La terre est composée de sable, de limons et d’argile. Il faut généralement creuser à 20 ou 30 cm de la surface, sous la terre végétale, pour trouver de la terre utile à la construction.
On note la différence de terre par un changement de couleur net. Pour faire une analyse basique de la terre dont on dispose, on utilise un bocal. On le remplit d’un tiers de terre et on complète avec de l’eau. On le mélange, puis on laisse reposer environ une heure. Une fois que tout s’est déposé au fond, on remue de nouveau et on laisse reposer environ une nuit, ce qui permet d’avoir une analyse un peu plus précise.

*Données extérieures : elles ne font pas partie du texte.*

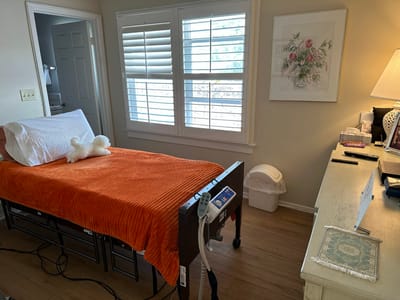 Interior view of a resident room with a bed and decor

La première couche qui se dépose est le sable (il peut y avoir une seule couche ou deux s’il y a deux épaisseurs de grains), la seconde correspond au limon (parfois en petite quantité qui ne se voit pas dans le bocal) et la dernière à l’argile. C’est par
rapport au pourcentage d’argile dans une terre que l’on définit ses caractéristiques (riche en argile ou non).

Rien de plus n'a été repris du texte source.